An OCaml block has the form
Header | field 0 | field 1 | …. | field n
where each field k can be a pointer to some other block. A block is non-self-referencing if none of its fields is a pointer to the block itself (that is, a pointer to its own field 0). Now I want to define a block (call it G) whose fields are pointers to all the non-self-referencing blocks in the program, should I make one field of G be a pointer to G itself? The problem is that if I make G self-referencing, then G shall not have a pointer to itself; but if G is not self-referencing, I should then let a field of G be a pointer to itself.

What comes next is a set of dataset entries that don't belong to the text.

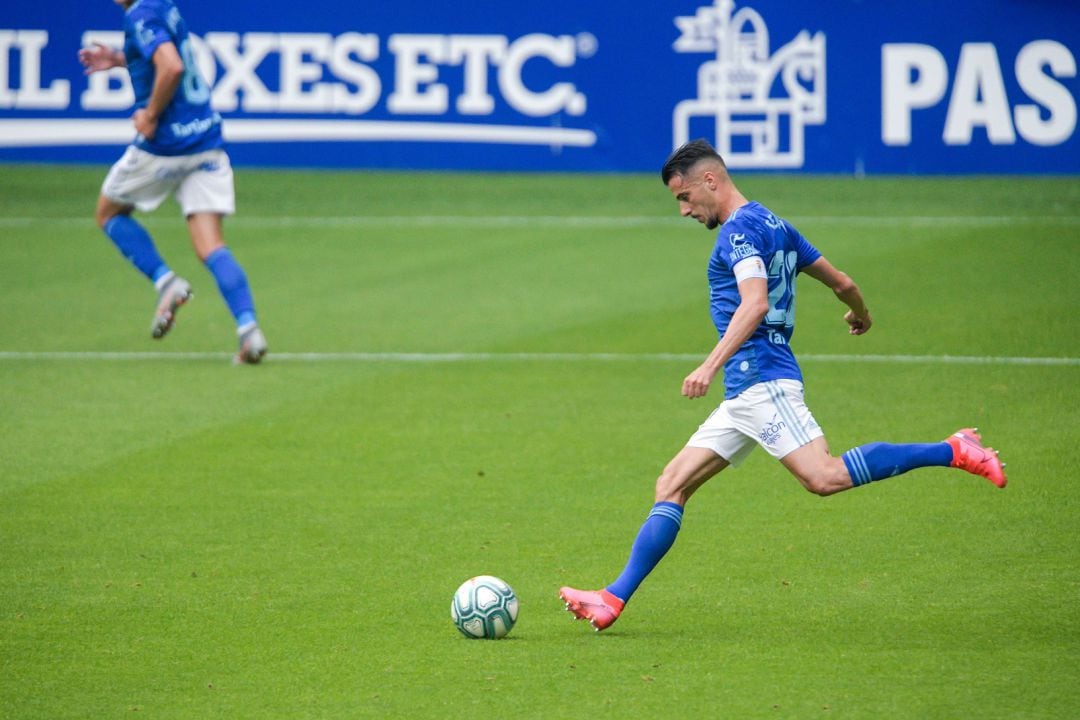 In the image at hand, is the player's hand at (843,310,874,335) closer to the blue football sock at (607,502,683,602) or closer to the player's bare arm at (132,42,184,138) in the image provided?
the blue football sock at (607,502,683,602)

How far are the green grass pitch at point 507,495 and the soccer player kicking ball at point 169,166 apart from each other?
2.01ft

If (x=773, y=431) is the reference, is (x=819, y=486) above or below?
below

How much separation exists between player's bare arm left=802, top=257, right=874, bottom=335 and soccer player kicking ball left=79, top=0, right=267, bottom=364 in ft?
18.3

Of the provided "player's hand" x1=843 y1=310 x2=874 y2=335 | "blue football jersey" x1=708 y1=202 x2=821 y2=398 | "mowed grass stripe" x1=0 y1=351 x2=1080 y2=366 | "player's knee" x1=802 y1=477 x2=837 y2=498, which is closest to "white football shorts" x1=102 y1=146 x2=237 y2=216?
"mowed grass stripe" x1=0 y1=351 x2=1080 y2=366

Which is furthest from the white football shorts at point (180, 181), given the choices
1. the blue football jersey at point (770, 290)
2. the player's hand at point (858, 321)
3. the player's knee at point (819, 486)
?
the player's knee at point (819, 486)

I’m glad that my work is being used in XXI century. Even if it is being used for jokes.
6 Likes
A correction: in order to successfully make a paradox, the goal shall be to define a block of all and only non-self-referencing blocks, instead of to define a block of just all non-self-referencing blocks. In the latter case, a pointer to self can safely be added, which satisfies the all but is at odds with the only.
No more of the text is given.